Какое слово из традиционного терминологического репертуара естественно напрашивалось для обозначения нового приема? Символ. В привычной поэтике слово «символ» означало «многозначное иносказание», в отличие от «аллегории», однозначного иносказания. В принципе любой предмет мог быть выдвинут как символ иных предметов («страшный контрданс соответствий», воспетый Бодлером). Классическим запасником символов для европейской культуры было Священное писание: еще в средние века к нему составлялись словари символов, перечислявшие, например, что «вода» в Писании может иносказательно означать Христа, Святого Духа, высшую мудрость, многоглаголание, крещение, тайноречие пророков, невзгоду, богатство мира сего, плотское наслаждение, зыбкость мыслей, усладу искушения, кару адову и многое другое. Этот опыт библейской символики очень повлиял на судьбу слова «символ»: в «светском» понимании оно оставалось простым риторическим приемом, применимым к любому материалу, в «духовном» же понимании оно прочно оказалось связано с религиозной тематикой как земной знак несказуемых небесных истин. Отсюда и раскол: Брюсов и Бальмонт приняли «светское» понимание слова «символ» (пусть и в сколь угодно высоком стиле), Вяч. Иванов, Белый и Блок — «духовное» его понимание. А далее уже Вяч. Иванов в «Мыслях о символизме» уличал Брюсова и его сторонников в сочинении нового «модного учебника теории словесности» со включением к параграфу о метафоре примечания о символе и называл их «поэтику намеков» «символизмом поэтических ребусов»; Брюсов же, как известно, возражал Иванову, что для поэзии быть служанкой религии не более почетно, чем служанкой общественной борьбы.
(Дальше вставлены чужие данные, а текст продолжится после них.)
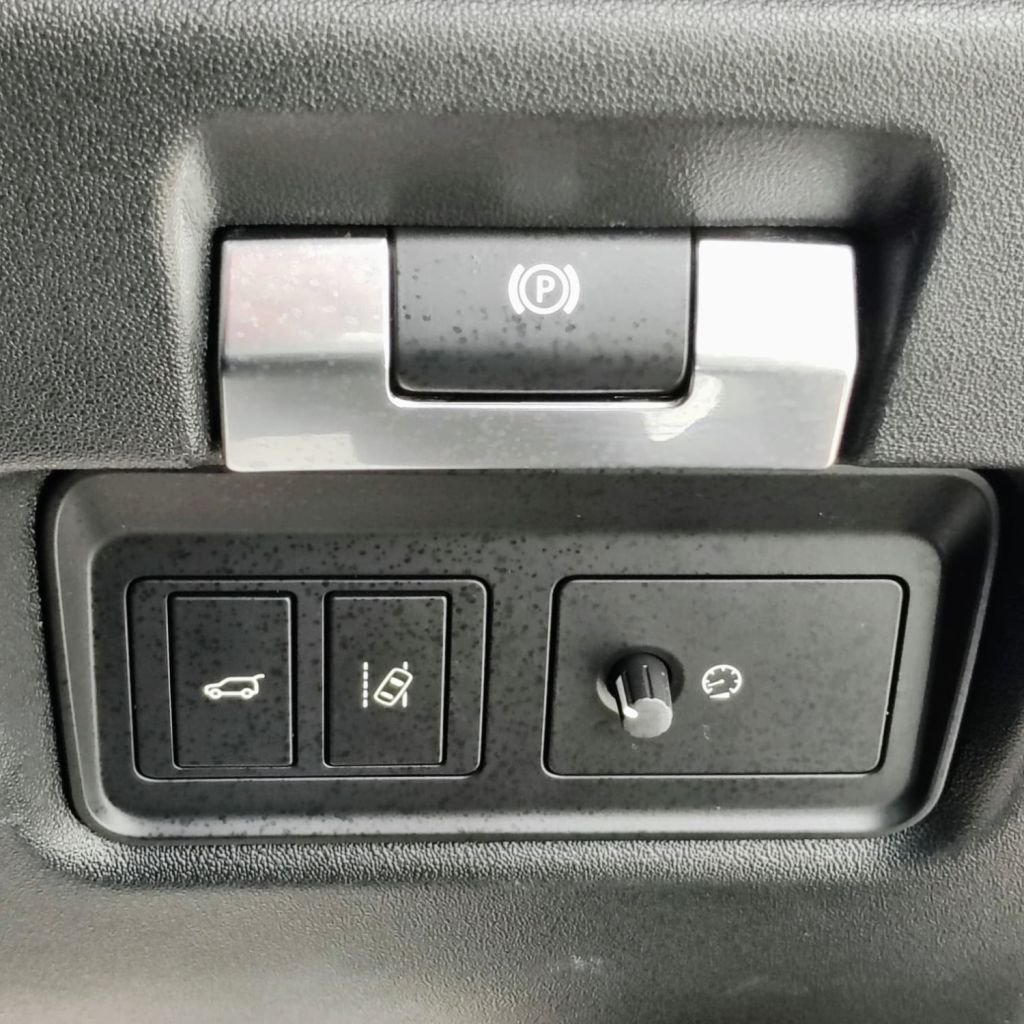 Used Jaguar E-Pace 2020 for sale - 77720289: Photo 35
Таким образом, два источника — «парнасская» строгость и символистская зыбкость; в этой зыбкости два направления — пунктирность и расплывчатость; в этой расплывчатости два осмысления символа: литературно-риторическое и религиозно-философское, — таковы основные антиномии, определяющие диалектическую динамичность русской модернистской поэтики.

Сложившись в поэзии символизма, она скоро вышла за его пределы. Имена Мандельштама и Хлебникова уже приводят нас к двум младшим школам, сменившим символизм: к акмеизму и футуризму. Акмеизм подхватывает — хотя бы на короткое время — «парнасскую» традицию поэтики, футуризм — символистическую.
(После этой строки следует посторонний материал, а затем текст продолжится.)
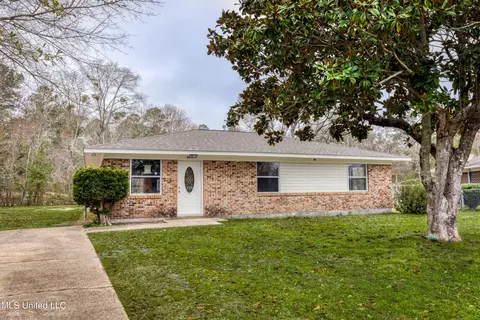 53 Holly Cir, Gulfport, MS 39501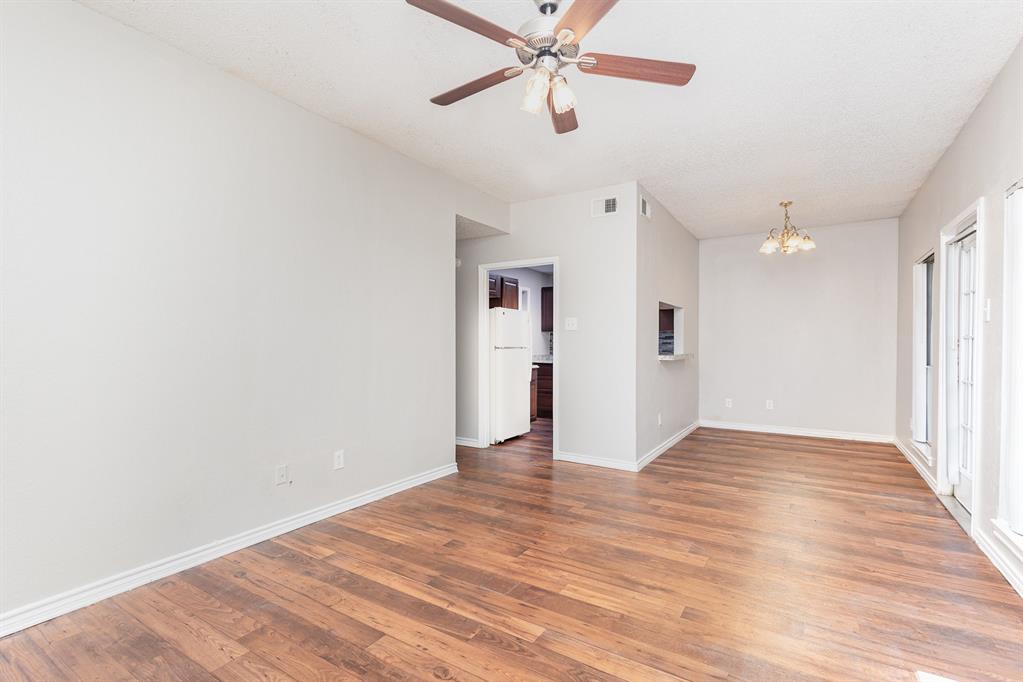 Meadows Condo - Residential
Акмеизм был очень разнороден по авторским индивидуальностям и по направлениям их развития. Но при своем появлении он внушил читателям свою общую установку на «вещность» и «посюсторонность» изображаемого мира: каждый изображаемый предмет равен самому себе, — намеки и недоговоренности изгоняются из поэтики. Эта программа и наиболее последовательное воплощение ее у Гумилева (посвящавшего стихи парнасцу Леконту и переводившему предпарнасца Готье) тотчас были оценены как «парнасекие». Брюсов называет ее приметами «экзотику», «археологию», «изысканный эстетизм» (6, 510); Мандельштам (в статье «Буря и натиск») — «монументальность приема», «ясность изложения». Все это черты «парнасского» направления. Объединение просуществовало недолго. Мандельштам после «Камня» переходит к той усложненной поэтике, примеры которой мы видели; стихи Ахматовой все больше превращаются в намеки, отсылающие к какому-то автобиографическому подтексту, о котором читатель мог лишь смутно догадываться; Зенкевич и Нарбут учатся новым приемам у футуристов; даже Гумилев в самых поздних своих произведениях («У цыган» или «Заблудившийся трамвай») явно переходит от «парнасскою» техники к символистической. Рубеж между ранним, «парнасским», и поздним, символистическим, периодами этой школы ясно осознавался: Брюсов различал их как «акмеизм» и «неоакмеизм», Мандельштам — как «младший символизм» и собственно «акмеизм».